__WHAT YOU SHOULD DO__
Return the following entries exactly, word for word.

** Opening DATA FOR PROCESSING block **

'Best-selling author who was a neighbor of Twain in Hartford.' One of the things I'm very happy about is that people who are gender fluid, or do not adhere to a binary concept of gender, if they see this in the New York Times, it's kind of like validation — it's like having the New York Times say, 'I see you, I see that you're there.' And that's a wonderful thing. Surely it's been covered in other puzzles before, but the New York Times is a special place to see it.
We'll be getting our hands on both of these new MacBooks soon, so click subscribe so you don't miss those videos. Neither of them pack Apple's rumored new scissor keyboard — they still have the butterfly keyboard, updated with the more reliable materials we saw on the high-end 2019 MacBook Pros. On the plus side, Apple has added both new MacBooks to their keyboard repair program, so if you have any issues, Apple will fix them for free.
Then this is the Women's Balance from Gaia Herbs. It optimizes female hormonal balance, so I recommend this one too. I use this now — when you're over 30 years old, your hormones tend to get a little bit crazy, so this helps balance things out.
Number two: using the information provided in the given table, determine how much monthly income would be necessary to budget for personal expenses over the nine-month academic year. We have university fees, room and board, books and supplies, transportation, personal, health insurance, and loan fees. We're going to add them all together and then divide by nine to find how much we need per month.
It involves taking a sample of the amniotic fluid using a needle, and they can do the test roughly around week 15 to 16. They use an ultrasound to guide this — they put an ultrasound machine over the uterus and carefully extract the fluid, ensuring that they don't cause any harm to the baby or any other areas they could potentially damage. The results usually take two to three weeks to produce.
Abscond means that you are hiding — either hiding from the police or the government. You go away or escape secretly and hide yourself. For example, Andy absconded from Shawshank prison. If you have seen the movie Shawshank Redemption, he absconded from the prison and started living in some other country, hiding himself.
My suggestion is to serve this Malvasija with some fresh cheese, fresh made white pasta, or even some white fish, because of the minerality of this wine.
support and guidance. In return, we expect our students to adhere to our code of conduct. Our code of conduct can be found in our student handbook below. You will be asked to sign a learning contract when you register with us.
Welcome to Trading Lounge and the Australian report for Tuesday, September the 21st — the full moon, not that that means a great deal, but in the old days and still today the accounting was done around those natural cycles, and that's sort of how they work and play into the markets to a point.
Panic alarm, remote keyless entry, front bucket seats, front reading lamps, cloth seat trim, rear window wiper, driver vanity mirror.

** Closing DATA FOR PROCESSING block **

__SOLUTION FOR THIS TASK__
'Best-selling author who was a neighbor of Twain in Hartford.' One of the things I'm very happy about is that people who are gender fluid, or do not adhere to a binary concept of gender, if they see this in the New York Times, it's kind of like validation — it's like having the New York Times say, 'I see you, I see that you're there.' And that's a wonderful thing. Surely it's been covered in other puzzles before, but the New York Times is a special place to see it.
We'll be getting our hands on both of these new MacBooks soon, so click subscribe so you don't miss those videos. Neither of them pack Apple's rumored new scissor keyboard — they still have the butterfly keyboard, updated with the more reliable materials we saw on the high-end 2019 MacBook Pros. On the plus side, Apple has added both new MacBooks to their keyboard repair program, so if you have any issues, Apple will fix them for free.
Then this is the Women's Balance from Gaia Herbs. It optimizes female hormonal balance, so I recommend this one too. I use this now — when you're over 30 years old, your hormones tend to get a little bit crazy, so this helps balance things out.
Number two: using the information provided in the given table, determine how much monthly income would be necessary to budget for personal expenses over the nine-month academic year. We have university fees, room and board, books and supplies, transportation, personal, health insurance, and loan fees. We're going to add them all together and then divide by nine to find how much we need per month.
It involves taking a sample of the amniotic fluid using a needle, and they can do the test roughly around week 15 to 16. They use an ultrasound to guide this — they put an ultrasound machine over the uterus and carefully extract the fluid, ensuring that they don't cause any harm to the baby or any other areas they could potentially damage. The results usually take two to three weeks to produce.
Abscond means that you are hiding — either hiding from the police or the government. You go away or escape secretly and hide yourself. For example, Andy absconded from Shawshank prison. If you have seen the movie Shawshank Redemption, he absconded from the prison and started living in some other country, hiding himself.
My suggestion is to serve this Malvasija with some fresh cheese, fresh made white pasta, or even some white fish, because of the minerality of this wine.
support and guidance. In return, we expect our students to adhere to our code of conduct. Our code of conduct can be found in our student handbook below. You will be asked to sign a learning contract when you register with us.
Welcome to Trading Lounge and the Australian report for Tuesday, September the 21st — the full moon, not that that means a great deal, but in the old days and still today the accounting was done around those natural cycles, and that's sort of how they work and play into the markets to a point.
Panic alarm, remote keyless entry, front bucket seats, front reading lamps, cloth seat trim, rear window wiper, driver vanity mirror.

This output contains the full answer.